Of the other three producers/exporters, one refused to submit a complete questionnaire reply on the grounds that such a reply would impose an unreasonable and disproportionate burden on it and the remaining two did not make themselves known. Findings were therefore made on the basis of facts available in accordance with Article 18 of the basic Regulation.

(10) Questionnaires were also sent to independent importers known to have imported RBMs from the People's Republic of China so as to ascertain the resale prices of the product concerned before and after the imposition of the anti-dumping duties. In this regard, it should be noted that a high level of cooperation was obtained by the unrelated importers. Replies to the questionnaires were received from the following unrelated importers: Bensons International Systems B.V., The Netherlands, ("Bensons NL"); Bensons International Systems Ltd, United Kingdom, ("Bensons UK"); KWH Plast Vertriebsges. GmbH, Germany, ("KWH Germany"); KWH Plast (Danmark) AS, Danmark, ("KWH Danmark"), and KWH Plast (UK) Limited, United Kingdom, ("KWH UK").

Verification visits were carried out at the premises of KWH Germany and Bensons NL.

(11) The investigation period of this review ("new investigation period") ran from 1 January 1998 to 31 December 1998. This new investigation period was used to determine the level of export prices, resale and subsequent selling prices charged after the imposition of anti-dumping measures to ascertain whether the measures were failing to achieve their intended effects because of increased dumping.
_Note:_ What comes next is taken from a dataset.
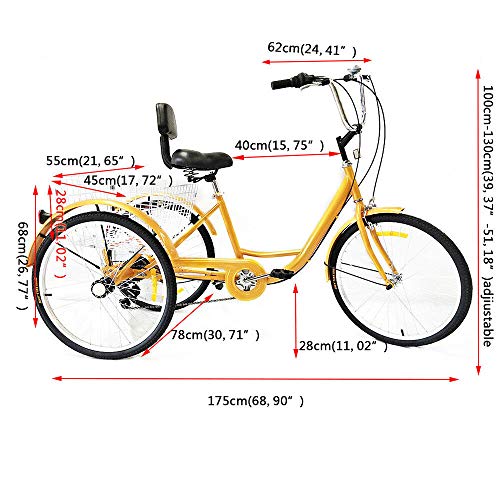 Triciclo Adultos 24 Pulgadas 6 Velocidades Tricycle 3 bicicleta mujer bicicleta Citybike con cesta, para personas mayores City Outdoor Sports Shopping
(12) In establishing whether resale and subsequent selling prices had moved sufficiently, the price levels charged in the new investigation period were compared to those charged during the original investigation period which had covered the period from 1 October 1994 to 30 September 1995.

(13) Owing to the volume of data gathered and examined, in particular in view of the complexity of the analysis regarding the movement in the resale and subsequent selling prices of the unrelated importers as well as the enquiries and examination of one exporting company's practices as set out above in recital 8, the investigation exceeded the normal period of six months provided for in Article 12(4) of the basic Regulation.

2. Product concerned

(14) The product concerned by the request and for which the review was initiated is the same as in the original investigation, i.e. certain RBMs used as fittings for loose-leaf binders or files, but excluding lever arch mechanisms, which consists of two or more round, arched or D-shaped sturdy metal rings. The product is currently classifiable within CN code ex 8305 10 00.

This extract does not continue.